DESCRIPTION OF THE TASK: Return all the lines below exactly as written. Drop every picture.
━━━ TASK DATA
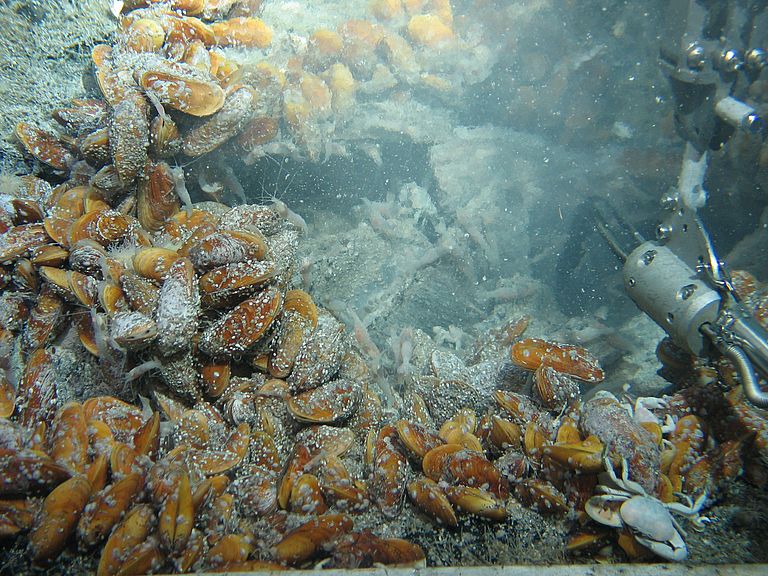 Muscheln der Gattung Bathymodiolus an einem Schwarzen Raucher im Bereich des Mittelatlantischen Rückens, aufgenommen mit dem Tiefseeroboter ROV KIEL 6000.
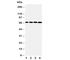 Growth Factor Receptor Bound Protein 10 antibody, R30657, NSJ Bioreagents, Western Blot image 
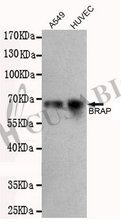 Western blot detection of BRAP in A549 and HUVEC cell lysates using BRAP antibody (1:500 diluted). Predicted band size: 67 kDa Observed band size: 67 kDa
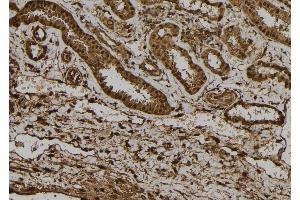 ABIN6272367 at 1/100 staining Human kidney tissue by IHC-P. (NRIP3 antibody  (C-Term))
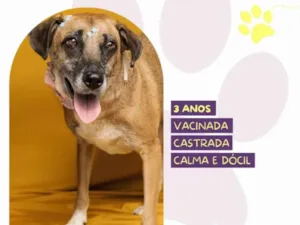 Cachorro raça SRD-ViraLata idade 3 anos nome Stella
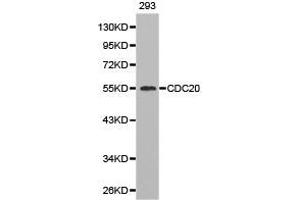 Western Blotting (WB) image for anti-Cell Division Cycle 20 Homolog (S. Cerevisiae) (CDC20) antibody (ABIN1871671) (CDC20 antibody)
━━━━━━
PROBLEM SOLUTION:
 Muscheln der Gattung Bathymodiolus an einem Schwarzen Raucher im Bereich des Mittelatlantischen Rückens, aufgenommen mit dem Tiefseeroboter ROV KIEL 6000.
 Growth Factor Receptor Bound Protein 10 antibody, R30657, NSJ Bioreagents, Western Blot image 
 Western blot detection of BRAP in A549 and HUVEC cell lysates using BRAP antibody (1:500 diluted). Predicted band size: 67 kDa Observed band size: 67 kDa
 ABIN6272367 at 1/100 staining Human kidney tissue by IHC-P. (NRIP3 antibody  (C-Term))
 Cachorro raça SRD-ViraLata idade 3 anos nome Stella
 Western Blotting (WB) image for anti-Cell Division Cycle 20 Homolog (S. Cerevisiae) (CDC20) antibody (ABIN1871671) (CDC20 antibody)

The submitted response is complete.